Vestida com um quimono preto, a viúva de Abe enxugava as lágrimas enquanto Suga falava. A cerimônia terminou com Kishida e Akie levando as cinzas para fora do salão.

Cerca de 4.300 pessoas compareceram ao funeral, junto com pelo menos 48 oficiais de Estado, incluindo a vice-presidente dos Estados Unidos, Kamala Harris, e o primeiro-ministro indiano, Narendra Modi.

O assassinato de Abe deixou o país em choque, dado que o Japão tem baixíssimos níveis de crimes violentos. Mas a decisão de organizar um funeral de Estado, o segundo para um ex-primeiro-ministro no pós-guerra, teve forte oposição, com cerca de 60% dos cidadãos se dizendo contrários ao evento, segundo pesquisas recentes, e políticos da oposição boicotando a cerimônia.

Um catalisador do descontentamento foi o custo do funeral, US$ 11,5 milhões (R$ 61,5 milhões), a ser arcado pelo Estado em um momento de dificuldades econômicas para os cidadãos. Outro foi a acusação de que Kishida aprovou a cerimônia unilateralmente, sem consultar o Parlamento.

O atual primeiro-ministro justificou a cerimônia como uma forma de homenagear as conquistas de Abe, que já havia tido um funeral privado dias depois de ser morto.

Em uma região no centro de Tóquio, manifestantes protestaram com cartazes e gritaram "nenhum funeral de Estado" ao som de uma guitarra.

A morte de Abe também desencadeou uma enxurrada de revelações sobre os laços entre os parlamentares do LDP, sigla que Abe liderou, e a Igreja da Unificação, chamada de seita por críticos.

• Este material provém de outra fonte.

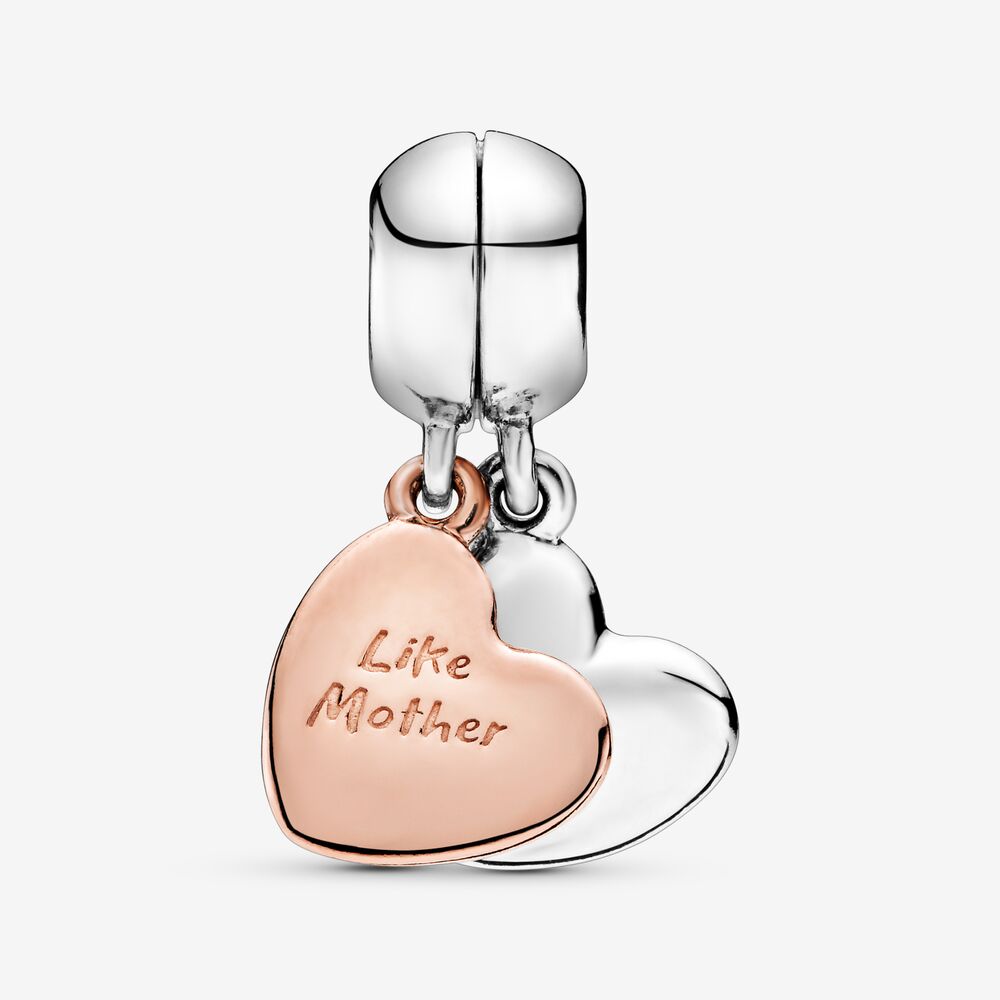 Dangle Charm – 14k Rose Gold-Plated – Mother & Daughter Heart Split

O escrutínio se baseou nos métodos de arrecadação de fundos deste grupo religioso, implicando o atual primeiro-ministro, que admitiu que metade dos parlamentares do partido governista têm ligação com a igreja.

Kishida se desculpou e prometeu que o LDP romperá relações com a igreja, mas o escândalo agravou o incômodo do público com o funeral de Estado.

De visão conservadora, Abe foi uma das figuras mais famosas do país, lembrado por cultivar alianças internacionais e por sua estratégia econômica batizada de Abenomics. Ele governou por 3.188 dias em dois mandatos não consecutivos. Renunciou em 2020 por um problema de saúde, mas continuou como importante figura pública.